For example, time may be a factor, since some of the positive effects of CSR, such as the enhancement of a company's reputation in the marketplace, would be slow to take hold. Maybe the favorable impact of CSR on profitability can only be fully observed over a period of five years or more — a factor that may or may not have been taken into account in the many studies the professors analyzed.

Third, the authors have chosen to deliberately exclude one significant element of CSR from the effects they studied. After saying that the correlation between social responsibility and profitability appears small, the authors add the following caveat: "(the exception being public misdeeds, which had a discernible negative impact)."

It's not clear to me why the authors chose to treat this as an irrelevant "exception." Isn't avoiding "public misdeeds" a major goal of CSR? If so, why shouldn't CSR "get some of the credit" for the business benefits enjoyed by companies that avoid such misdeeds, rather than having those benefits deliberately eliminated from consideration?

The authors might argue that no one, including CSR skeptics, is actually in favor of "public misdeeds," which means that the CSR movement shouldn't be credited for any positive impact from avoiding them. I'd challenge that logic. If companies that espouse CSR do a better job of avoiding scandalous behavior, that's not a mere coincidence. It's a natural outgrowth of the CSR mentality. It reflects the difference between an organization where it is understood that close ethical calls should be resolved in favor of the company and where aggressive close-to-the-line behavior is countenanced or even rewarded, and an organization where the culture dictates that close calls should be resolved in favor of customers and other stakeholders, and where actions that blur the lines between right and wrong are frowned upon or punished.

For this reason, I think the avoidance of "public misdeeds" is really part and parcel of the CSR philosophy, and should be factored into the results tallied by Margolis and Elfenbein. If this were done, it would increase the measured correlation between social responsibility and profitability, and demand a very different headline in HBR — perhaps something like, "Do Well by Doing Good? Yes, You Can."


Sociologists Discover There Is Such A Thing As Bad Publicity

Friday, November 09, 2007 / KW

Here's a noteworthy item from a source most of our readers probably don't track — the online edition of the Columbia Journalism Review. Seems a couple of sociologists have published a study showing that coverage of protests against specific corporations in The New York Times has an adverse effect on stock prices:

Co-authors Brayden G. King, of Brigham Young University, and Sarah A. Soule, of Cornell University, observed that stories on protests caused a stock price to fall between 0.4 and 1.0 percent, on average. Longer stories resulted in greater declines. Most of the drop happened the day of the protest and the day after it.

The size of the protest appeared not to matter. Neither did the use of boycotts. "What really matters," King said in a telephone interview, "is that you're able to gain media coverage."

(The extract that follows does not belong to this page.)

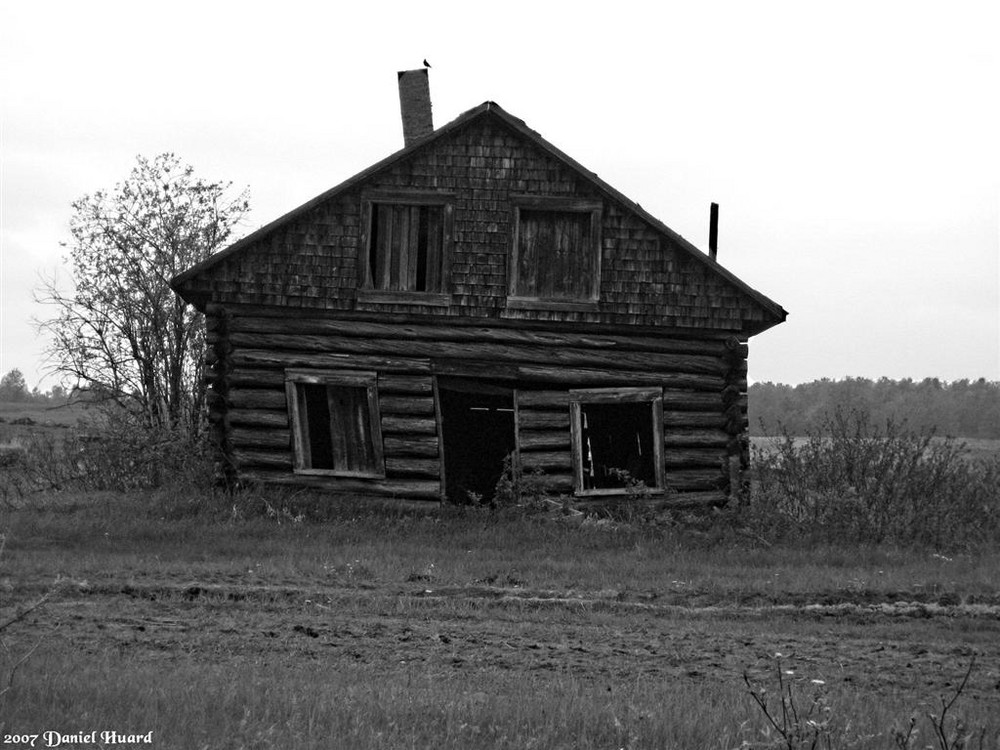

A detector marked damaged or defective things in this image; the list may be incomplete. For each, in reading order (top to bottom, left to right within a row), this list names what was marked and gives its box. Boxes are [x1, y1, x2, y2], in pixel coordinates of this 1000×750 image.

broken window [362, 194, 452, 296]
broken window [512, 200, 596, 308]
broken window [290, 374, 386, 478]
broken window [572, 390, 664, 496]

On one level, this might seem like a dog-bites-man story: Isn't it obvious that bad publicity hurts stock valuation? But actually that isn't obvious at all:

According to classic stock-market theory, prices change only upon the introduction of new information. Sounds reasonable. But, says King, a question arises: activists tend to mount protests based on already-released information, so why would their actions change a share price?

King and Soule argue that the new information is the news that someone cares about the previously disclosed problem. Investors may already have known that a company was polluting a river (our example), but now they know that someone cares enough to protest it. The study suggests that the market believes that activists' dissatisfaction could be costly in and of itself.

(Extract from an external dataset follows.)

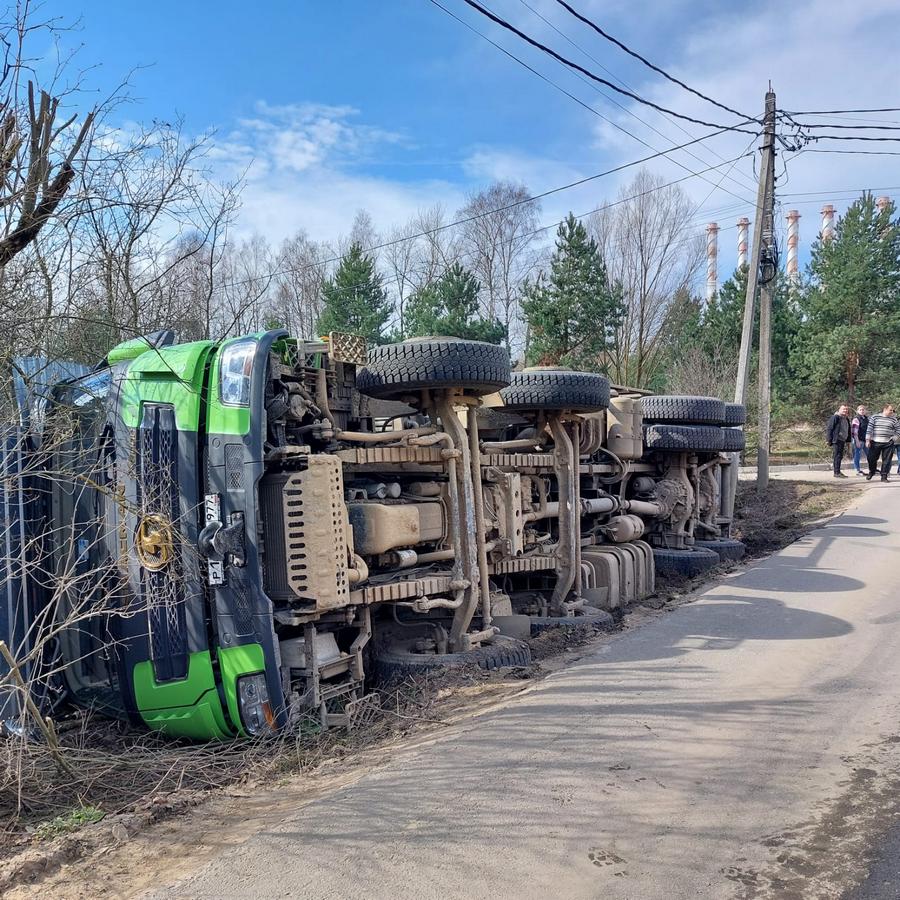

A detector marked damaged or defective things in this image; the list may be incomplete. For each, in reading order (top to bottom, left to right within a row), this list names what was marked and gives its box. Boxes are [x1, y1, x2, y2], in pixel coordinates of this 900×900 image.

There is, then, a measurable economic cost, levied by the marketplace, on companies that disdain "sustainable" business practices — to the extent that "sustainability" can be correlated with positive, protest-free relationships with stakeholders. Conversely, companies that consciously pursue friendly stakeholder relationships may be able to avoid the "protest penalty" and thereby gain at least a small edge on their competitors.

One last point: The professors' study is based on data compiled from 1962 to 1990. If the effect they discovered existed throughout the period, it suggests that the influence of mass media on financial markets is nothing new and predates the Internet, Bloomberg, MSNBC, and CNN.

It may be that organizations like Greenpeace and PETA are using protests and the threat of protests as anti-corporate weapons more deliberately today than was done in the past, but the weapons themselves have been making an impact for a long time.


Insurance Companies Putting A Dollar Value On The Risks Of Climate Change

Thursday, November 08, 2007 / KW

Ceres has issued a noteworthy report about how the insurance industry is responding to the risk of climate change. Follow the link for plenty of detail, as well as another link that lets you download the entire document, but here is the elevator-talk version of the report from the Ceres website:

Hundreds of new insurance initiatives, including 'green' building credits, drought-protection in developing countries and incentives for investing in renewable energy and carbon emissions trading are being offered to tackle climate change and rising weather-related losses in the U.S. and globally, according to a major new report announced today at the annual conference of the International Association of Insurance Supervisors.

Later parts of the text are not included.